Ten months to obtain evidence
 
In the European Union, 85 percent of criminal investigations involve electronic evidence, of which two-thirds is stored in another country. But obtaining potential evidence from Facebook account today takes Europeans on average ten months.
 
A European investigating judge must ask an official of his government to send an official request to the US government.
   
Then a US judge, who isn't familiar with the case, then makes the request to Facebook.

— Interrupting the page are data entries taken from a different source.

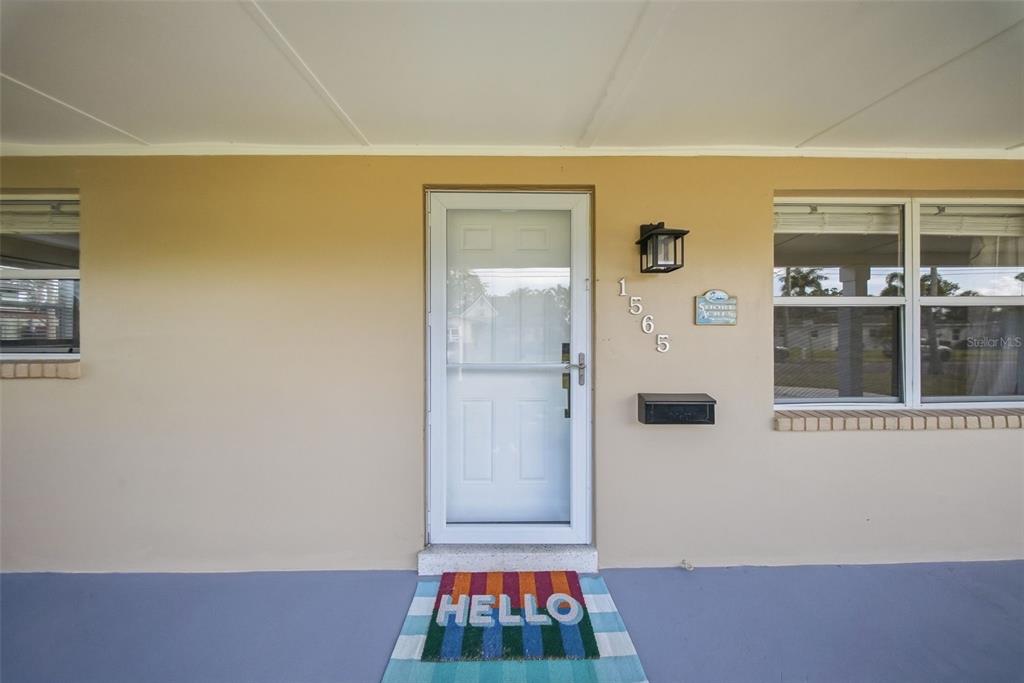 A front entrance features a white storm door, a house number, and a colorful doormat — 1565 CONNECTICUT AVENUE NE, ST PETERSBURG, FL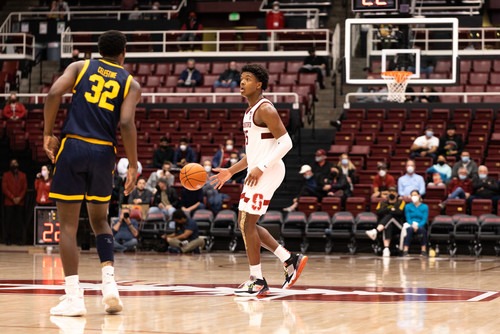 A basketball player dribbles the ball down the court with a player defending him.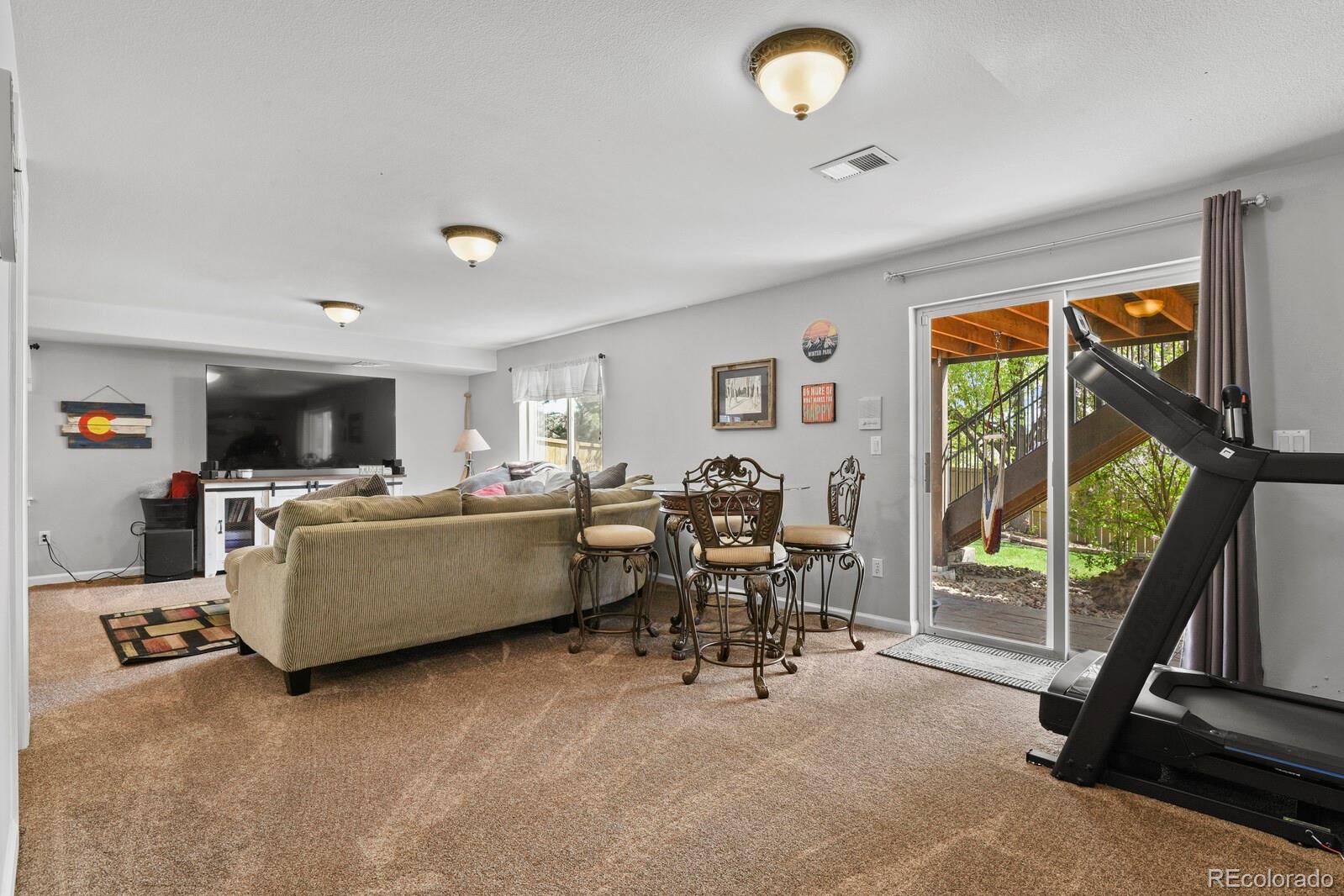 21018 Saddleback Circle Parker, CO 80138 - Photo 32 of 50 a living room with furniture a flat screen tv and a large window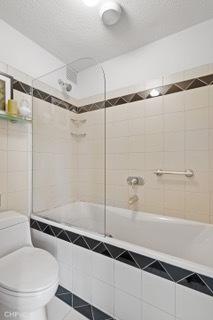 1430 N Astor St Unit 7A, Chicago, IL 60610 - full bath with toilet, tile patterned floors, and tiled shower / bath combo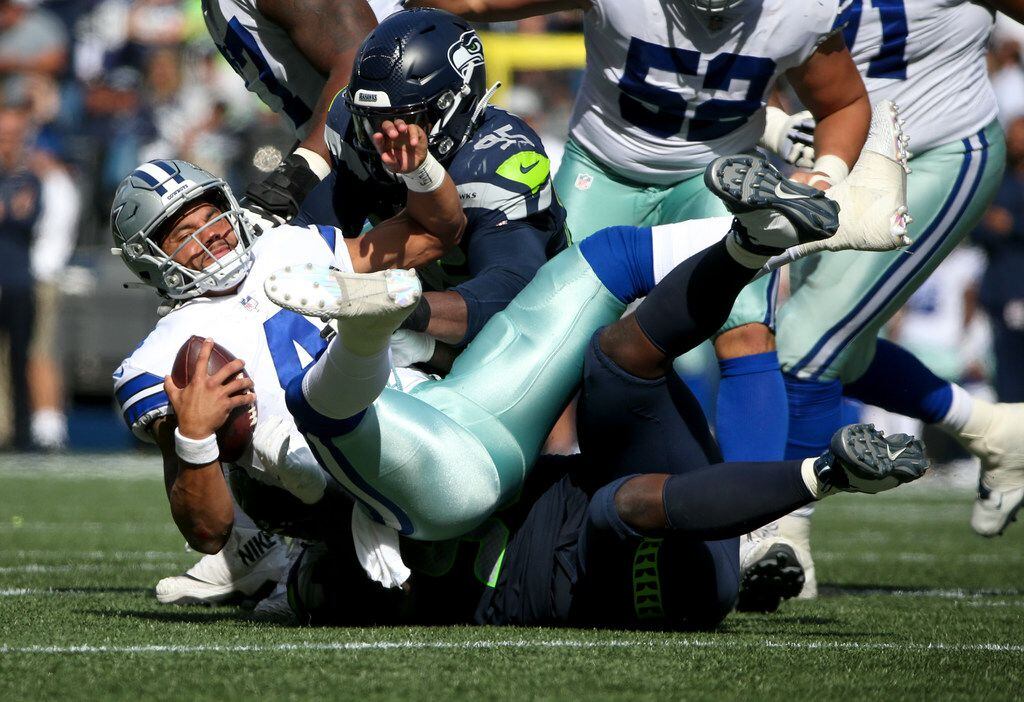 Dallas Cowboys quarterback Dak Prescott (4) is sacked by Seattle Seahawks defensive tackle...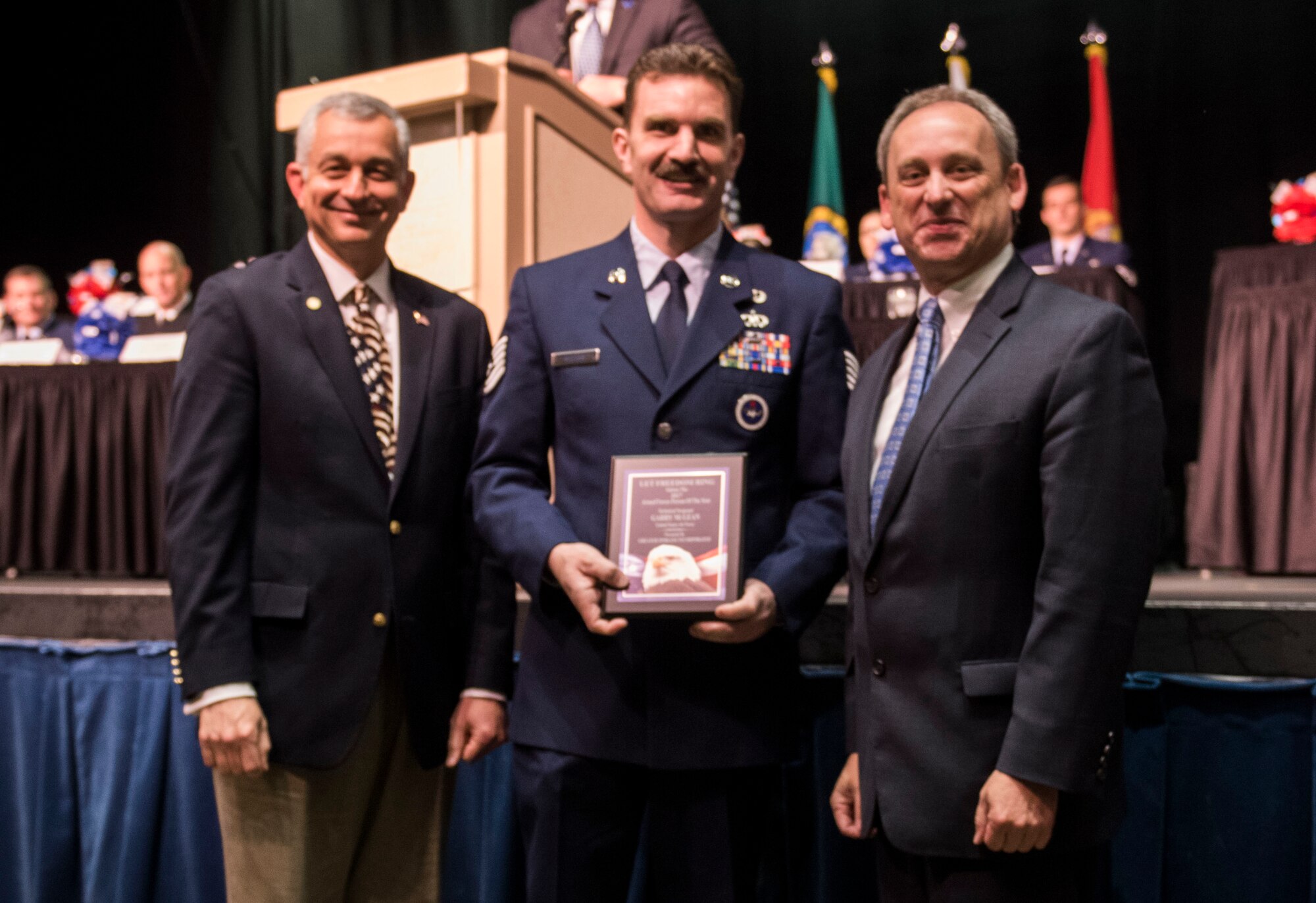 Tech. Sgt. Garry Mclean, 336th Training Support Squadron curriculum development NCO in charge, receives the 2017 Armed Forces Persons of the Year award, category Guard/Reserve E-1 through E-4, from Todd Mielke, Greater Spokane Incorporated CEO, and retired Brigadier General Roger Watkins, during the 61st annual Let Freedom Ring breakfast April 14, 201, at Northern Quest Casino in Spokane, Washington. The event honored military members from all branches, and recognized the Armed Forces Persons of the Year. (U.S. Air Force photo/Airman 1st Class Sean Campbell)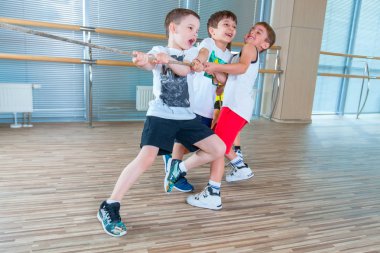 Çocuk ve Rekreasyon, grup mutlu çok ırklı okulun spor salonunda halat çekme halatı ile oynayan çocuklar
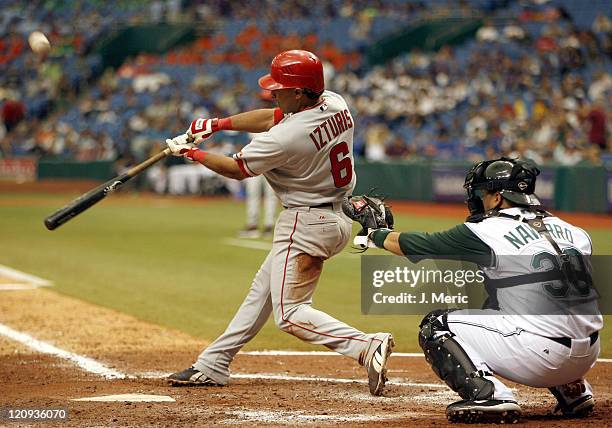 Los Angeles Angels infielder Maicer Izturis connects on this pitch during Wednesday's game against Tampa Bay at Tropicana Field in St. Petersburg,...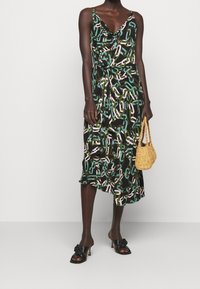 Černé šaty s řetízkovým vzorem v zelené, růžové a bílé barvě. Mají drapovaný výstřih a midi délku, doplněné černými sandály na podpatku.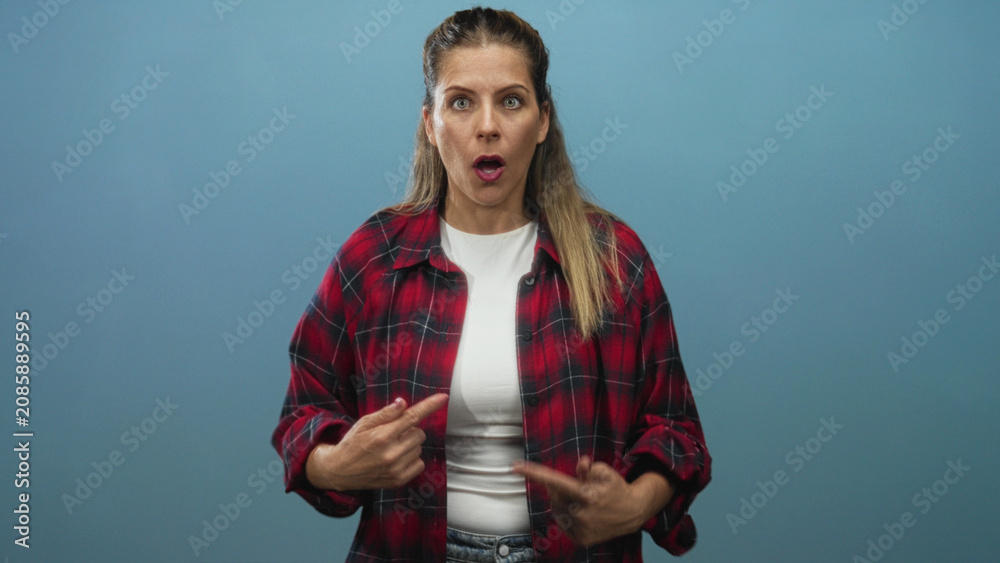 Obraz premium Woman in red plaid shirt pointing at herself with both thumbs and wide open mouth in studio; surprise disbelief.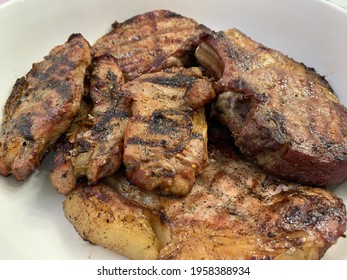 Grilled Fatty Meat. Marbled Beef Steak On A Plate. Pork Meat Pieces Cooked Over Charcoal.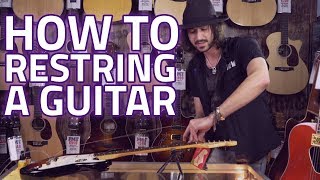 How To Restring Your Guitar  A guide to restringing Acoustic amp Electric guitars [upl. by Callida]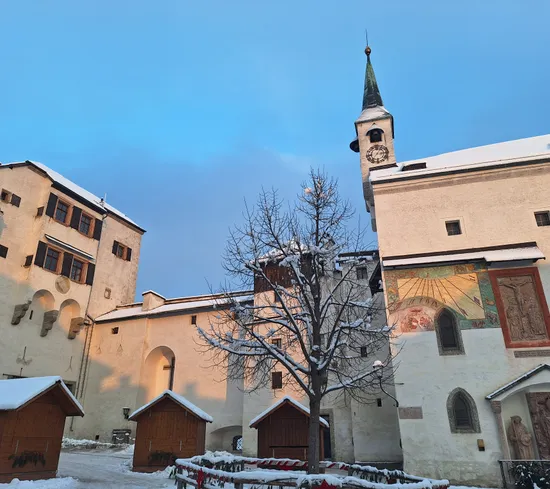 Verschneite Kirche und historische Gebäude mit Sonnenuhr und Holzständen im Winter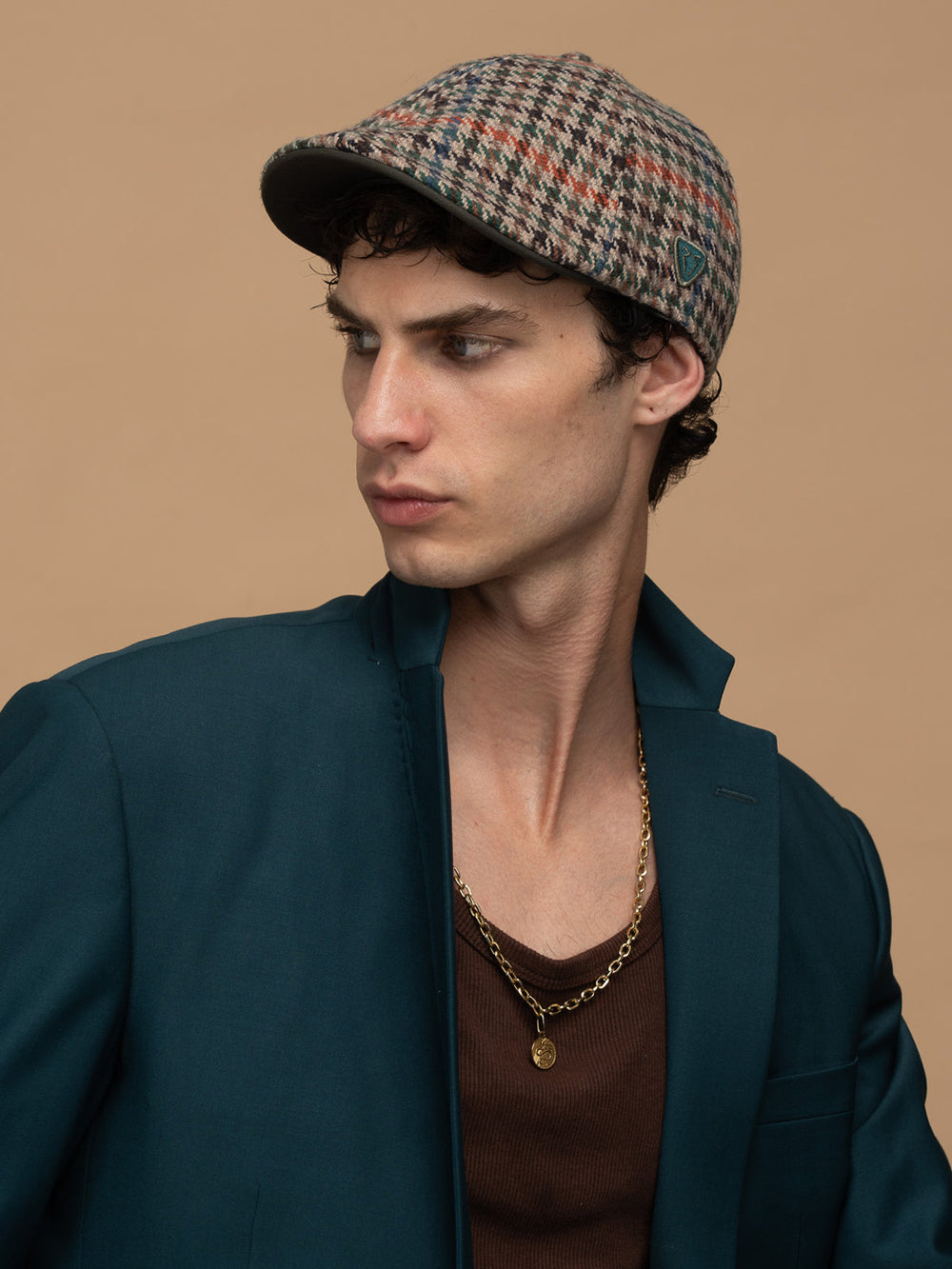 Man wearing Royalty Khaki Casket Hat and dark green jacket against a beige background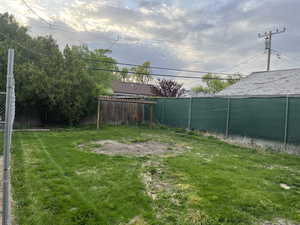 View of yard featuring fence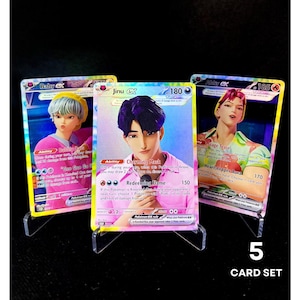 May include: Three Pokémon EX trading cards on clear stands. The cards feature illustrations of anime-style characters with various abilities and attack powers. The text "5 CARD SET" is visible at the bottom.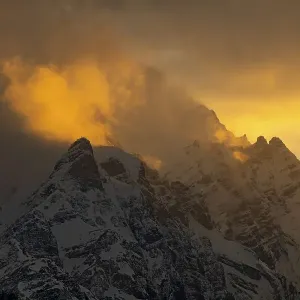 Summit Kleiner and Grosser Bettelwurf with clouds at sunset in winter Summit Kleiner and Grosser Bettelwurf with clouds at sunset in winter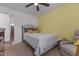 Comfortable bedroom features a ceiling fan and natural light at 106 Lockwood Dr, Cameron, NC 28326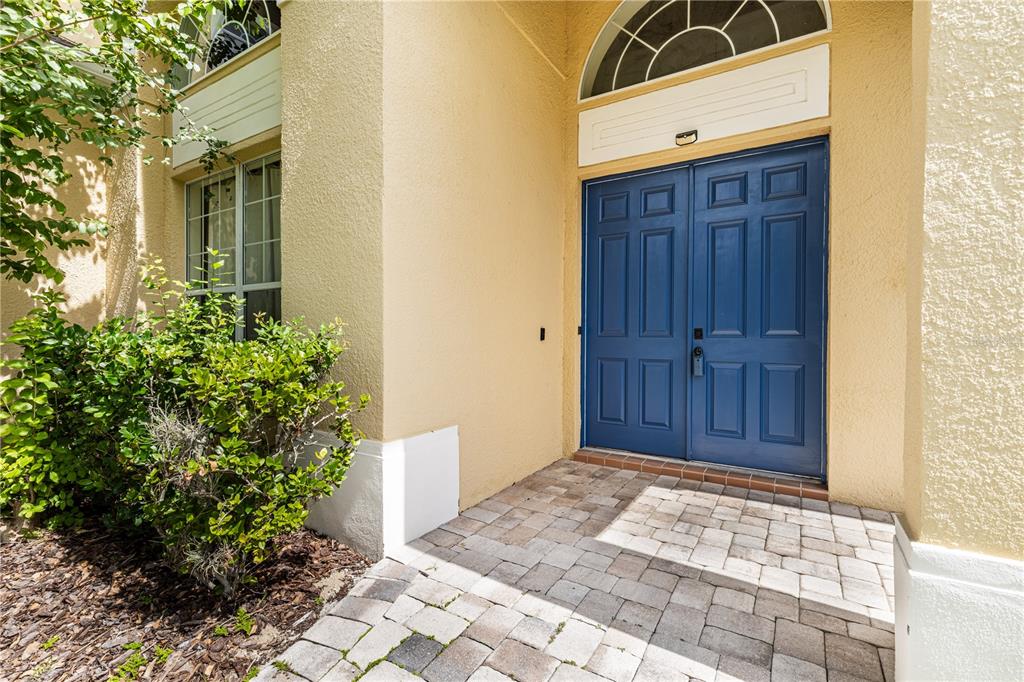 A blue double front door is set in a tan stucco wall with a brick walkway — 2718 KNIGHTSBRIDGE ROAD, CLERMONT, FL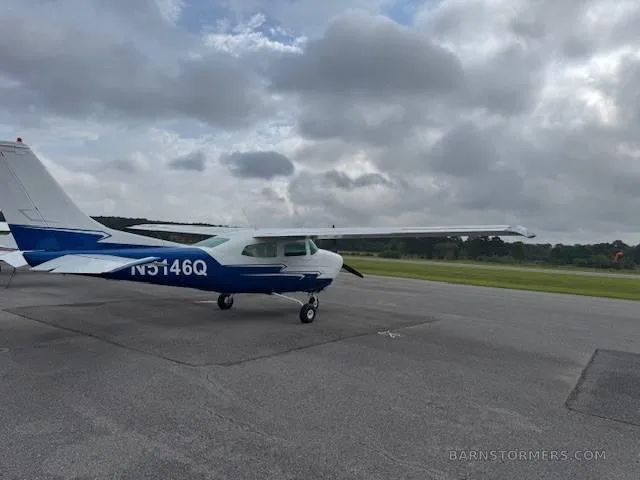 A white and blue Cessna 182 (N5146Q) is parked on an asphalt tarmac with a grassy field in the background under a cloudy sky.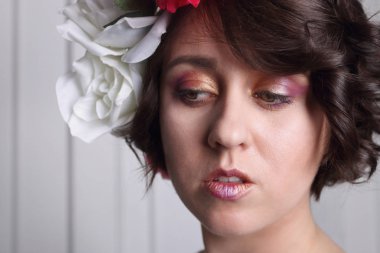 genç esmer kızla temiz cilt, kalıcı makyaj ve çiçek çelenk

The FBI then reviews the evidence to ensure it does not contain confidential information unrelated to the original request.
   
The data is then sent to the requesting government which passes it to the investigators. 
   
"This doesn't work, the operations are totally blocked," a frustrated European justice official said.
 
"We all know that virtually every serious threat we investigate today requires access to electronic evidence like the contents of emails, instant messages, photos, traffic data, session logs, subscriber information, and the 
like," Richard Downing, a top US Justice official, said in a speech in London last month. "Our collective safety and security depends on our ability to maintain lawful and efficient cross-border access to that evidence." 
 
US seeks bilateral deals
 
Seeking a longer-term solution, in March 2018 the United States passed the Cloud Act, which sets up the possibility of easier cross-border cooperation in obtaining the communications and other digitally-stored evidence needed in investigations.
   
The act would allow foreign governments to request the information -- emails, text messages, and stored records -- directly from US-based communications and internet companies holding it.
   
The act would require bilateral agreements that give Washington reciprocal rights to obtaining electronic evidence.
   
But many Europeans remain suspicious of Washington's bilateral approach, rather than dealing with the European Union as a whole.
   
Some believe the US would use the Cloud Act to collect information on European citizens, and not just Americans.
   
"No one can accept that a foreign government, even American, could come and with no warning look for data on our societies stored here by American companies, without us able to respond," said French Finance Minister Bruno Le Maire.
 
 EU plan: 'E-evidence'
 
However -- as the French murder investigation shows -- Europe recognizes the need for new rules.
   
The European Commission has proposed its own solution, "E-evidence" for easing cross-border requests for electronic evidence.
   
As with the Cloud Act, it bypasses existing structures for evidence sharing: authorities would make requests directly to the service providers directly, regardless of where the data is stored.
   
The service providers would have 10 days maximum to respond.
   
Both systems have raised deep concerns of too few protections against abuse. The European proposal has not been greeted unanimously by EU members: significantly, Germany and the Netherlands have expressed strong reservations 
about the E-evidence proposal over the lack of sufficient privacy protections.